Adam, Norm, and Will discuss current movies. Norm makes a few recommendations, then the gang talks about Birdman. And by “talks about”, we mean spoiling. Enjoy!

Comments (51)

51 thoughts on “Birdman SPOILERCAST – 2/3/2015

  1. If you guys were really going to filter, (edit), out the Sara Silverman joke, you failed. If you decided to keep it and my sarcasm just has not had coffee yet ignore this.

  2. I didn’t know beforehand, and I didn’t think about it during the movie. I just enjoyed Edward Norton. Loved his character (and acting)

  3. I still haven’t seen it yet, but I already knew about the “one take”/hidden cuts trope. I’m usually pretty quick to spot them, though. If you’re looking to see the true no cut masterpiece, look no further than Russian Ark, which was filmed in one 99 minute continuous shot with a Steadicam rig. It’s really marvelous.

  4. I went into it cold and I definitely noticed that there were plenty of long interconnected shots. I did NOT notice that it was the whole movie though. Just was enjoying the ride. Great flick.

  5. I’ve never found any of your spoilercasts to really spoil much at all. Also, am I the only one who has never heard of this movie before now?

  6. Just logged in to say that I didn’t know it was a single shot when I saw it, but noticed after either the first character transition or after he leaves the stage the first time. Really cool photography.

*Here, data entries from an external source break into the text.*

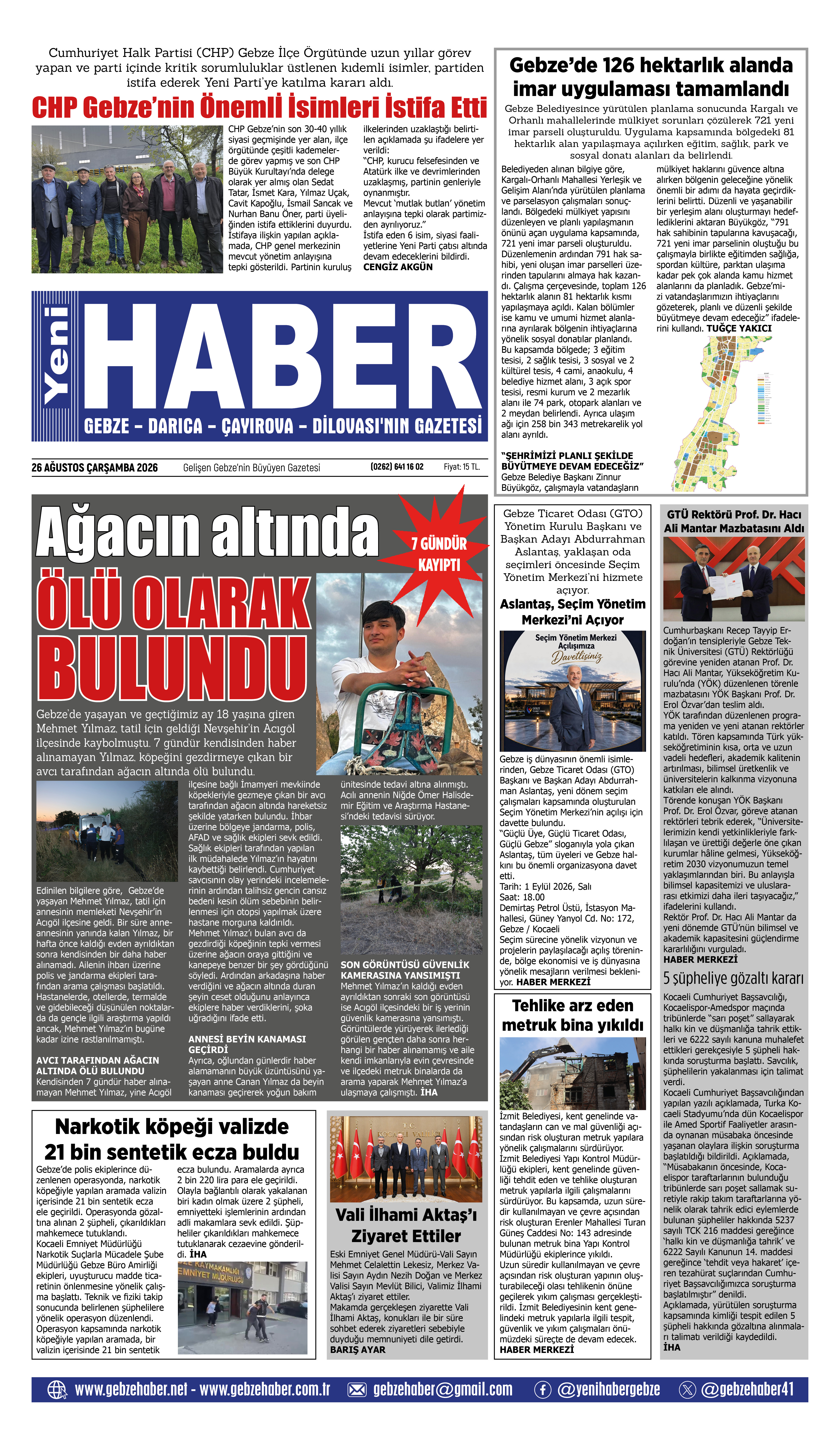 1. Sayfa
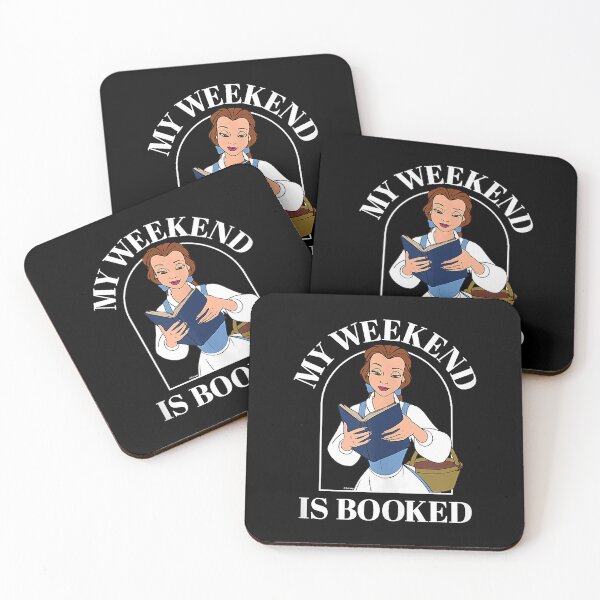 Item preview, Belle - My Weekend Is Booked   designed and sold by TinaFite.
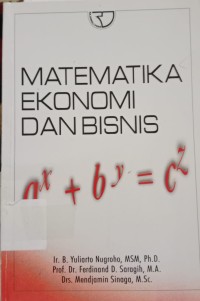 Matematika Ekonomi dan bisnis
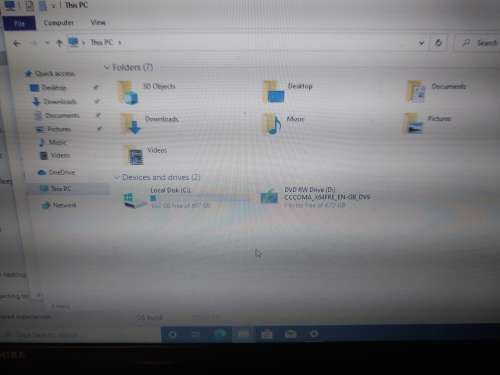 Toshiba Laptop for Sale - Great Condition Model C50-A0413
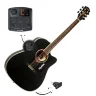 Електро-акустична гітара Equites EQ902CE BK 41
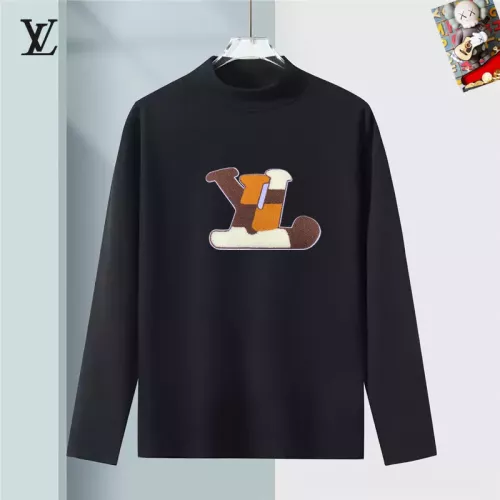 Louis Vuitton LV T-Shirts Long Sleeved For Men #1384945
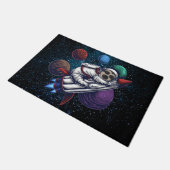 Cute Space Sleuf Deurmat (Schuin)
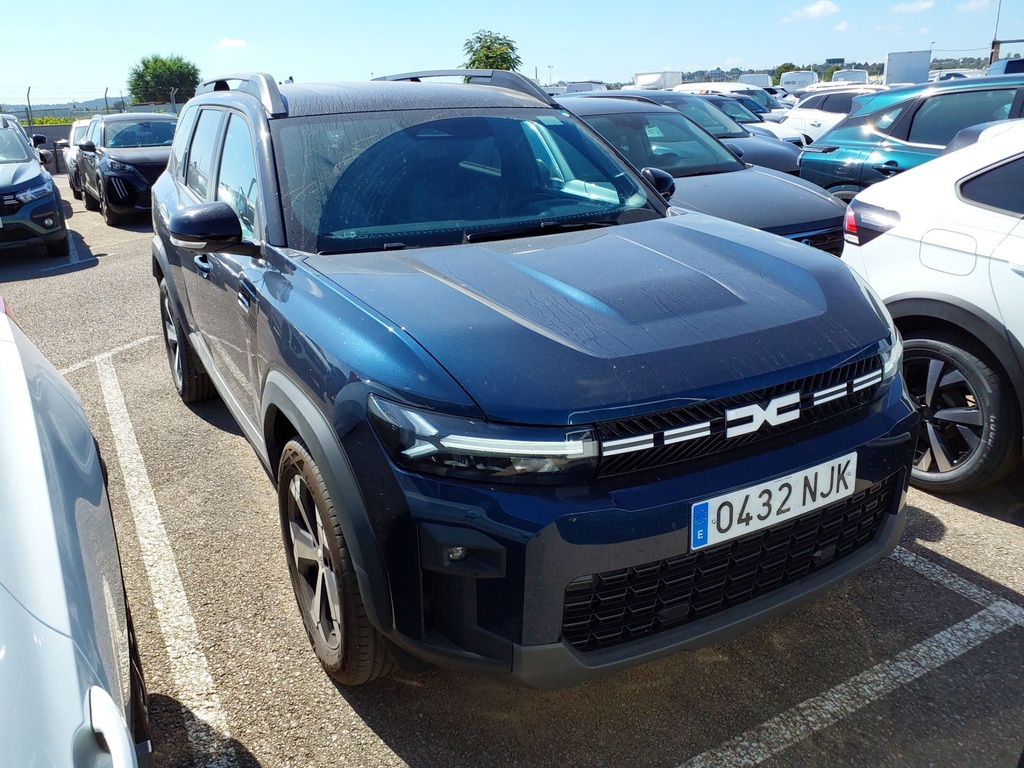 DACIA Bigster Manual (2025)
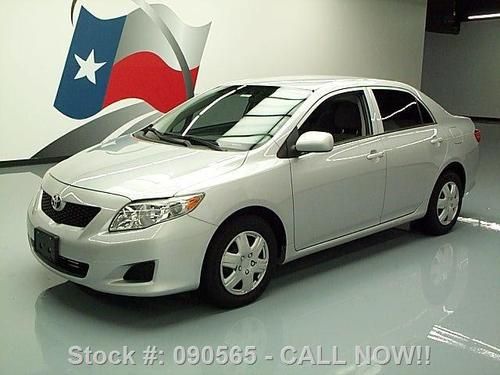 2009 toyota corolla le automatic cruise control 37k mi texas direct auto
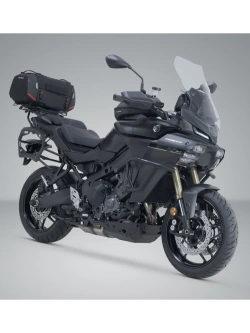 Zestaw: torba na tył Rackpack + stelaż Adventure-Rack SW-Motech Yamaha Tracer 9/ GT/ GT+ (24-) [poj.: 32,0-42,0 l]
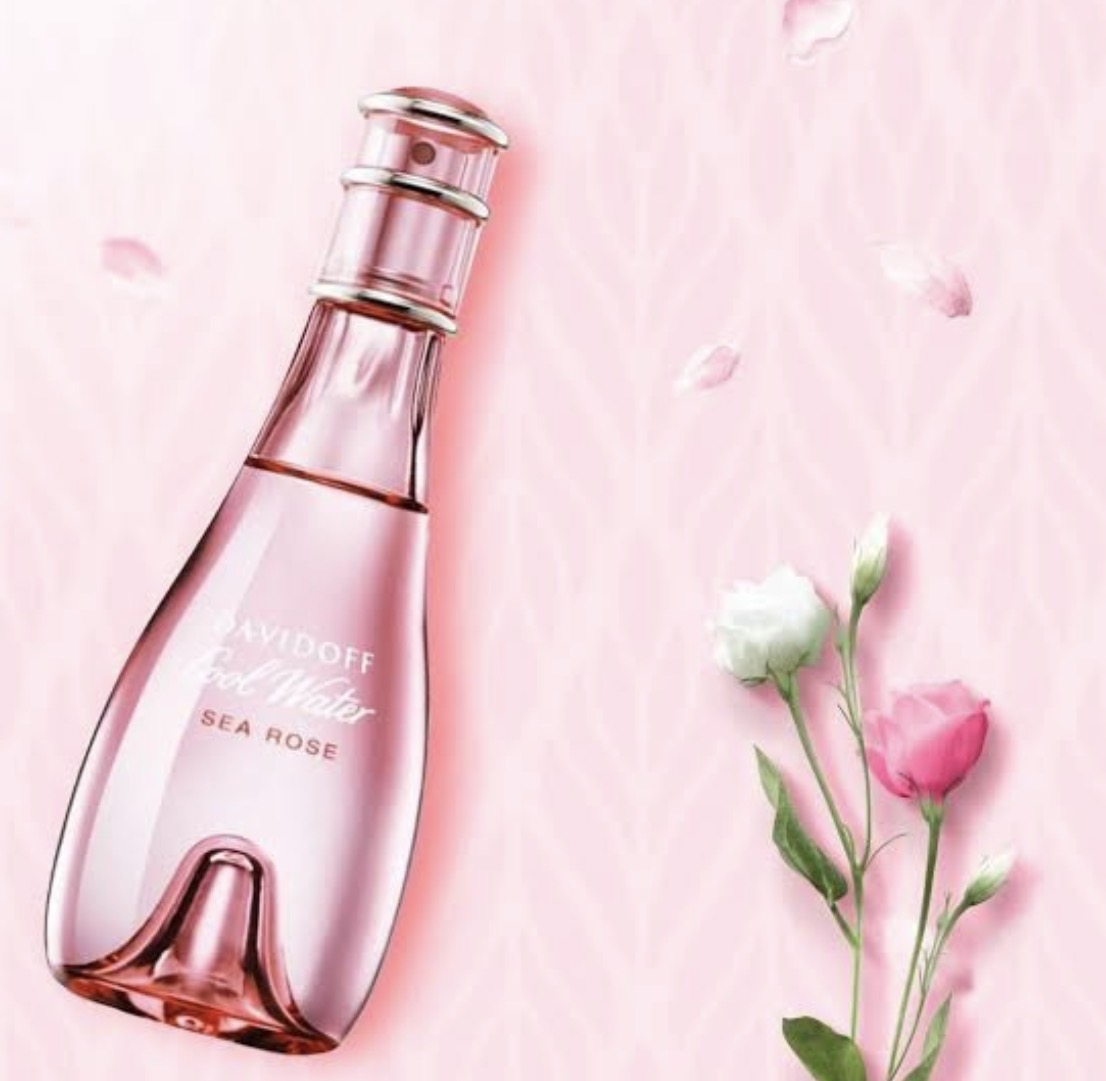 عطر کول واتر سی رز زنانه | Davidoff Cool Water Sea Rose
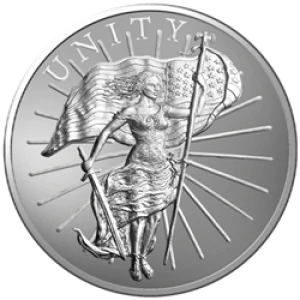 1oz Generic Silver Round - Unity (2)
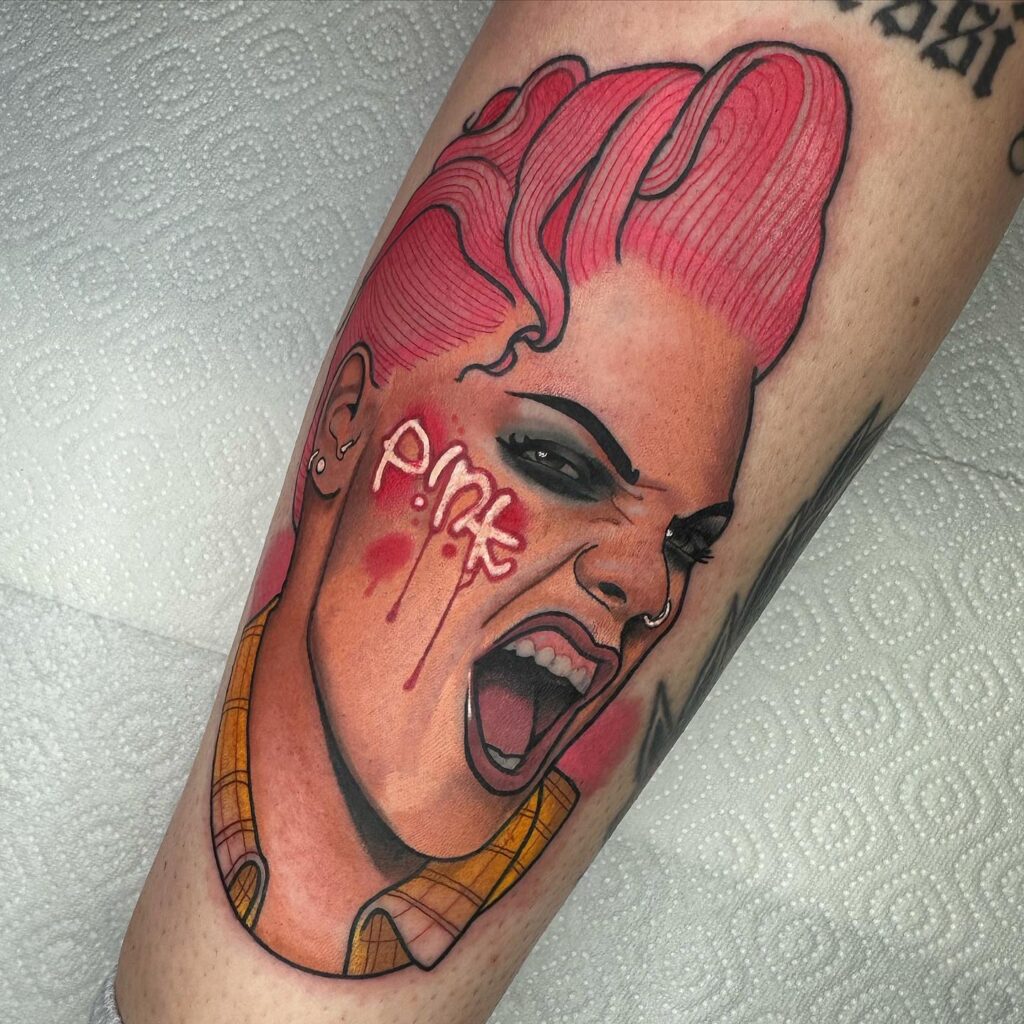 Pink Tattoo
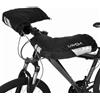 Aumotop Mountain Bike Manopole Termiche, Calde e Resistenti All'Acqua | Poliestere 210T, fodera in morbido pile, cordino elastico regolabile, strisce riflettenti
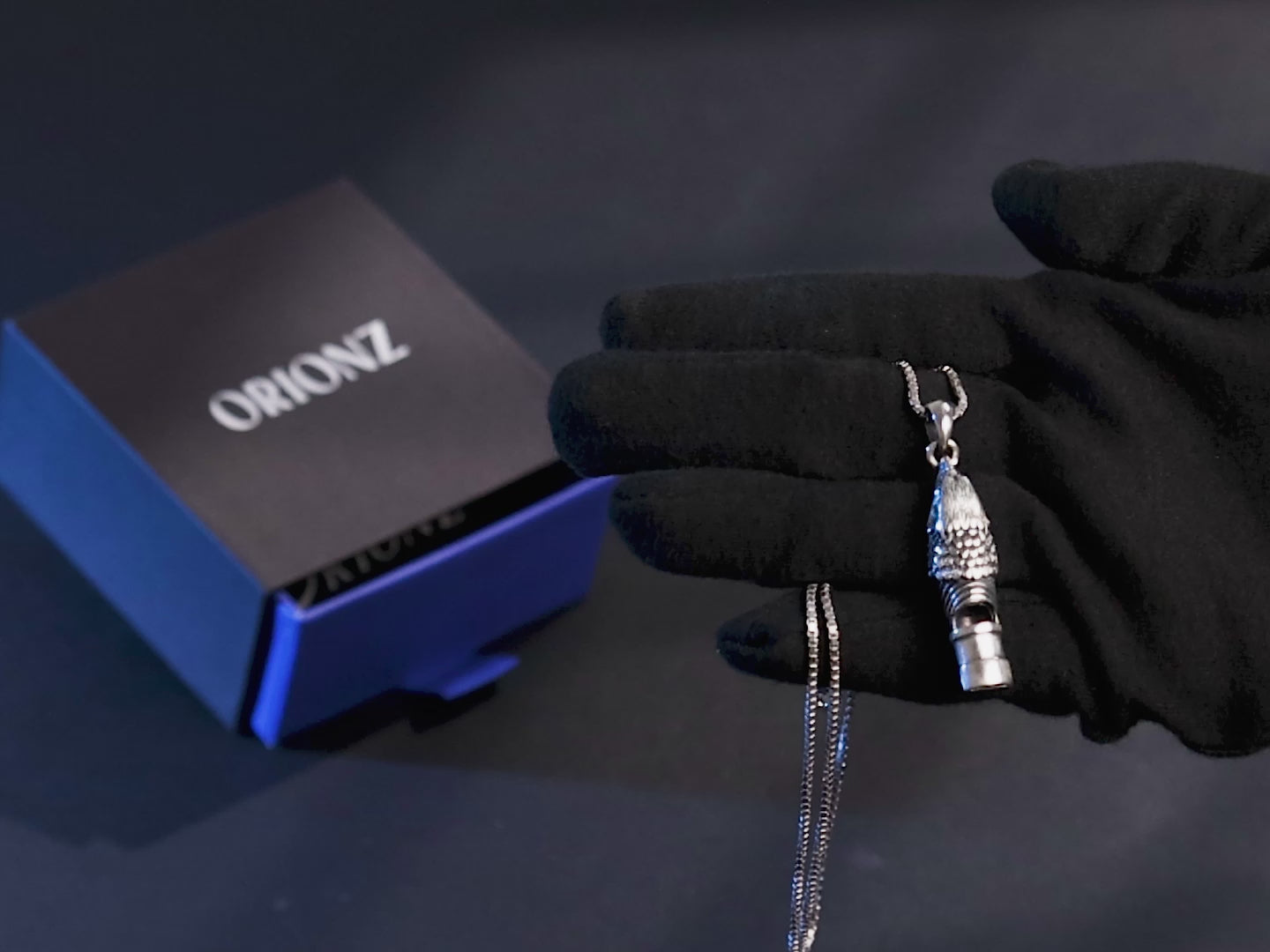 Eagle Call Whistle Pendant For Boys By Orionz Jewels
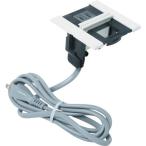 スガツネ工業  DMSPBWT ２１００２０４９４ ＤＭＳ−ＰＢ−ＷＴ デスクトップマルチタップ 定格電圧：ＡＣ１２５Ｖ・１５Ａ・最大１５００Ｗまで対応
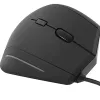 Souris t'nb ergo line filaire 6 boutons coloris noir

  7. Another great mirror moment is the scene in T2 where Sarah Conner is pulling out the chip in Arnold’s head. That is actually a synchronous performance between Linda Hamilton and her twin. Outstanding.

  8. I’ve caught a few of those in the podcast over the last few months. They say they are going to edit something out and they don’t. Its kind of jarring.

  9. I feel kinda dumb, but this discussion is the first time I realized there was no camera in the mirror. It’s an easy effect to lose, i suppose, since any other visual would be jarring given our everyday experience.

  10. Am I the only one that really disliked this movie, took me two tries to get through it. I guess I’m stupid I didn’t notice the one cut thing.

  11. I never noticed that Birdman was basically a single-shot. I love details such as that, but I truly didn’t notice. I did love the effect in Gravity. I agree that long shots immerse you in the world with a sense of tension.

  12. Also I noticed that there wasn’t a cut when they were rehearsing for the first time with Ed Norton’s character. I was thinking how the steadicam operator must be touched by god to be going so long.

  13. I always though she was dying in Gravity from the moment she got flung away from the ship before Clooney got to her, everything after that seems too coincidental.

    Not seen Birdman, still intrigued.

  14. If you want a classic spoiler: “Soylent Green is -PEOPLE-!!”


    Hitchcock did a continuous take in one of his films. IIRC, because of the limited capacity of the film reels in the cameras, they did include a number of ‘invisible’ cuts– like someone walking in front of the camera, etc.


    And I agree– for a spoiler it didn’t spoil much about the plot, just about the technical issues!


    There’s a ‘reverse vampire’ gag at https://www.youtube.com/watch?v=3-V9erhJU-A (as well as a number of ‘how to do it’ videos).


    –Paul E Musselman

  15. It was Alfred Hitchcock, and the movie was Rope. From Wikipedia:

    With Rope (1948), Hitchcock experimented with marshaling suspense in a confined environment, as he had done earlier with Lifeboat (1943). Appearing to have been shot in a single take, Rope was actually shot in 10 takes ranging from four and a half to 10 minutes each; a 10-minute length of film being the maximum a camera’s film magazine could hold at the time. Some transitions between reels were hidden by having a dark object fill the entire screen for a moment. Hitchcock used those points to hide the cut, and began the next take with the camera in the same place. Featuring James Stewart in the leading role, Rope was the first of four films Stewart would make with Hitchcock. It was inspired by the Leopold and Loeb case of the 1920s. Somehow Hitchcock’s cameraman managed to move the bulky, heavy Technicolor camera quickly around the set as it followed the continuous action of the long takes.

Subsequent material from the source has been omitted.